Strapped to a gurney and draped in a white sheet in the fluorescent-lit, white-walled death chamber at Florida State Prison, the convicted killer simply appeared to drift into unconsciousness, his eyelids growing heavy, his mouth agape.
"Jesus, remember us sinners," were his final words before reciting the Lord's Prayer.
It was the 68th execution in Florida since the death penalty was reinstated in 1979, but only the second execution out of Broward County in that time.
Marek, originally from Fort Worth, Texas, followed the botched electric-chair execution of Jesse Tafero, 43, a convicted cop killer, who had flames and smoke shoot from his head during his 1990 execution. It took three jolts of 2,000-volt electricity to kill him.

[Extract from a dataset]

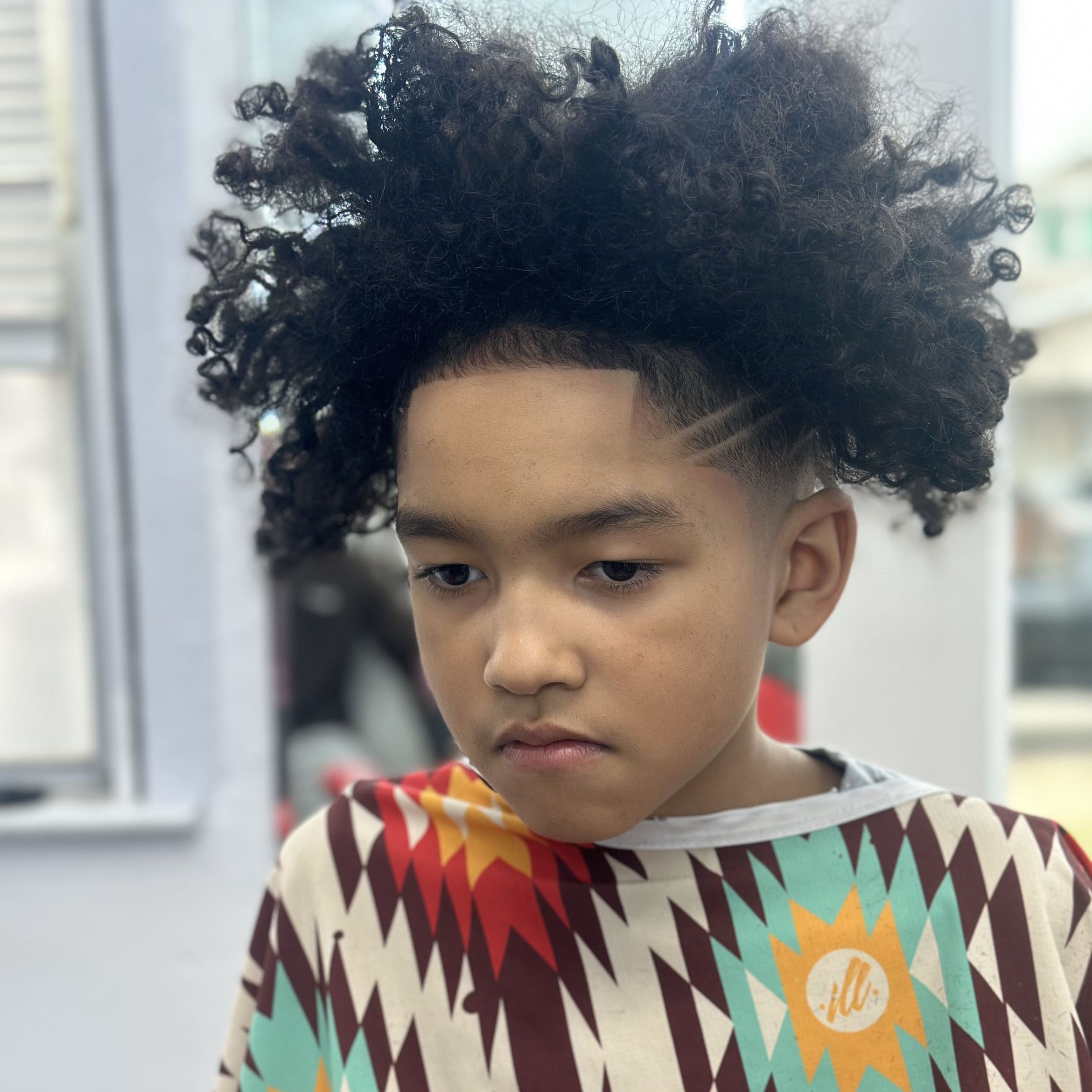Young client with a curly taper and freestyle design at The Luxe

Twenty-six witnesses — including the victim's family and friends, prison officials and journalists — gathered to observe Marek's scheduled 6 p.m. execution.

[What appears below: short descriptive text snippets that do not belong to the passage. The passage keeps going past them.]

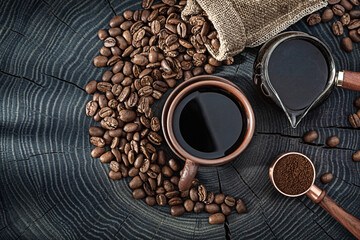 Coffee Drink Beans And Ground In Composition On Vintage Wood Background.
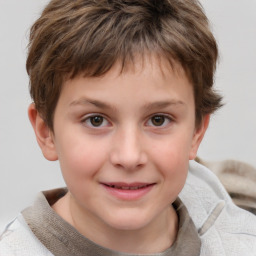 Joyful white child male with short  brown hair and grey eyes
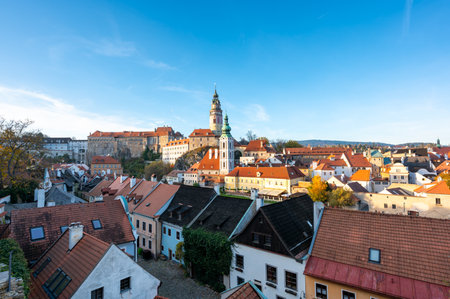 Panoramic view of Cesky Krumlov, featuring the historic castle tower and the church of St. John of Nepomuk. The medieval town's charm is beautifully captured on a sunny dayの写真素材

Delayed by 20 long minutes to await word from the courts on Marek's final appeals, the observers, seated on metal-frame chairs and packed shoulder to shoulder, sat in solemn silence but for the heavy hum of a wall air-conditioning unit.
Meanwhile, about 20 death-penalty protesters gathered across the road from the prison. They sang songs. They rang a bell. They stood on the grass in a moment of silence.
At 6:20 p.m. the brown curtain rose from the large rectangular window separating the observation area from the death chamber, revealing Marek supine on the gurney, his arms at his sides, secured by padded brown wrist cuffs and intraveneous tubes taped into place. His open-palmed hands were wrapped in white gauze.
A prison warden hung up the phone to the office of Gov. Charlie Crist, and gave the go-ahead.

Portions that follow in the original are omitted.